In fact, there is only one game I can think of which really manages to have an organic concept of "rugged terrain" and "hidden": Minecraft, with its huge detailed worlds. Simply put, it takes me more time to traverse a dense forest than some plains, because the latter is easier to navigate. The challenge of the terrain isn't distilled down to some "move cost" number but arises from the action of actually traversing it. Equally, in Minecraft you can really hide something. Put an entrance into a random forest valley, and it will take a long time to find without a map.

These properties make for a great game about expeditions and adventure, but they are somewhat undercut by Minecraft's other features. Because the primary focus of the game is on mining and crafting, a lot of the rugged terrain can by ignored if you're willing to spam blocks or make random tunnels. This also means that you can hide places simply by putting them underground with no visible entrance, and equally, you can get into places by mining, bypassing any clever traps or hidden door mechanisms. Nor is Minecraft's environment very harsh: there are monsters, of course, but you have near-unlimited carrying capacity, you heal rapidly, and you'd be hard pressed to actually starve.

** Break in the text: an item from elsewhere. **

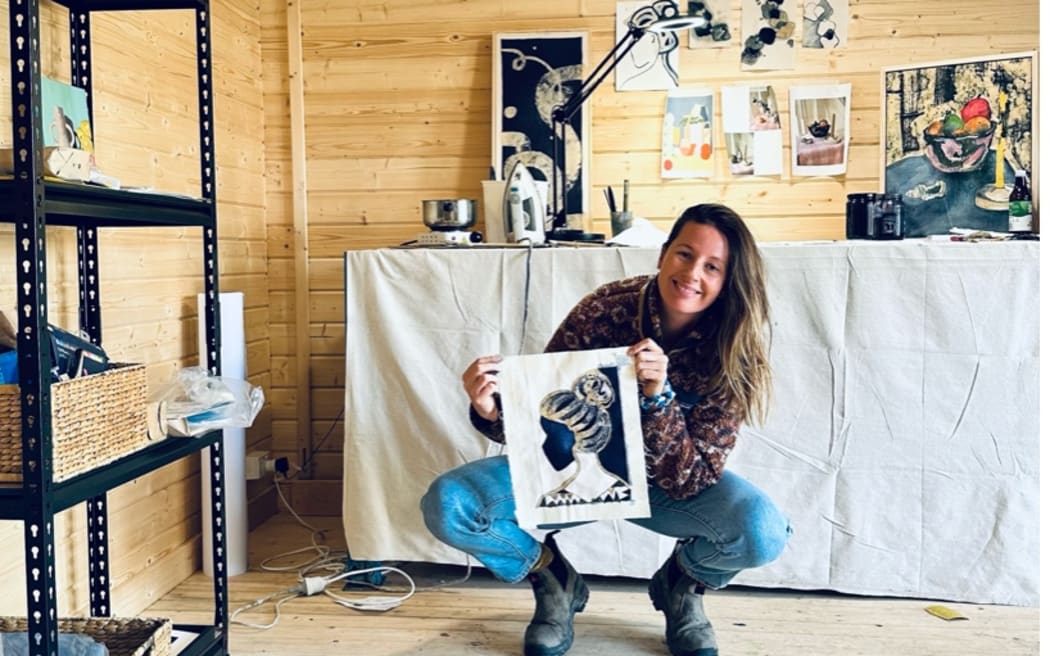 Cate King in her art studio. She uses beeswax from her honey business to make batik-style artwork.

What comes out of this is a potential mutant version of Minecraft that would be all about taking long journeys, navigating the landscape (with no convenient coordinate indicators or detailed magic maps), surviving the environment, finding hidden places, evading the traps, and getting the treasure. Raiding tombs, you might say, but in a world as big as the real one.

This game could be implemented as a Minecraft mod, of course, but it might be more interesting to make it its own game - mostly to pick a smaller block size. Minecraft's block size has led to somewhat awkward compromises in that the player will automatically ascend a half-block but not a full block - except for the pocket edition, when full block height changes can be automatically traversed too. In a game that's very much about the properties of terrain, it would be nice to have a bit more fine control over this, with blocks that are maybe a foot across. Single-block climbs would be dealt with automatically, though with a bit of a slowdown as a result, while larger height differences have to be jumped or climbed. Making the block size so small that the player can't fit through a one-block gap would also allow for things like thickets that have only the occasional path through.

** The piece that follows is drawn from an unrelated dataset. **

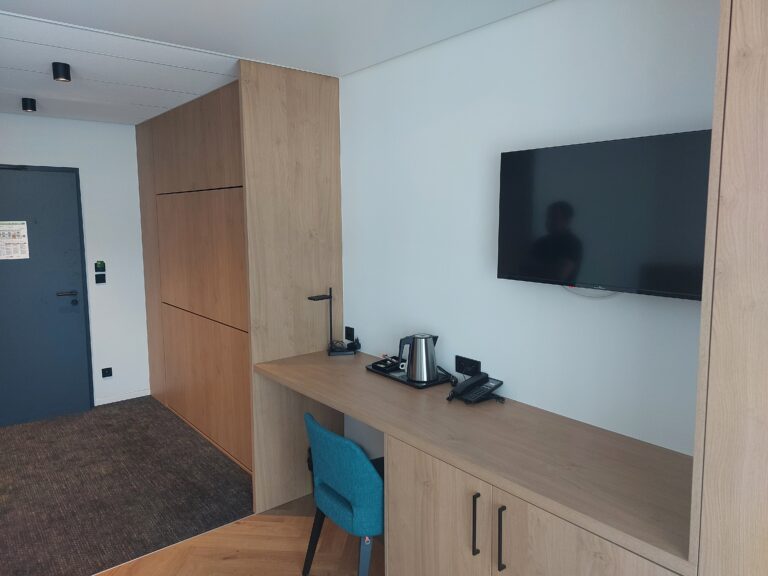 agencement hôtelier sur-mesure, Plan de travail en bois clair prolongé par un meuble bas, avec une chaise bleue, devant un mur blanc équipé d'une télévision et d'un lit escamotable fermé en arrière-plan.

Of course, a smaller block size means higher memory requirements for the world, but on the other hand, this game features no serious terrain modification: you cannot mine through rock, so a lot of the world can simply remain inaccessible and empty.

Anyway, I'm not sure if this would end up being fun or simply tedious. It might be an interesting thing to code up at some point, though writing a whole fat voxel engine is a bit much for a quick prototype. We'll see.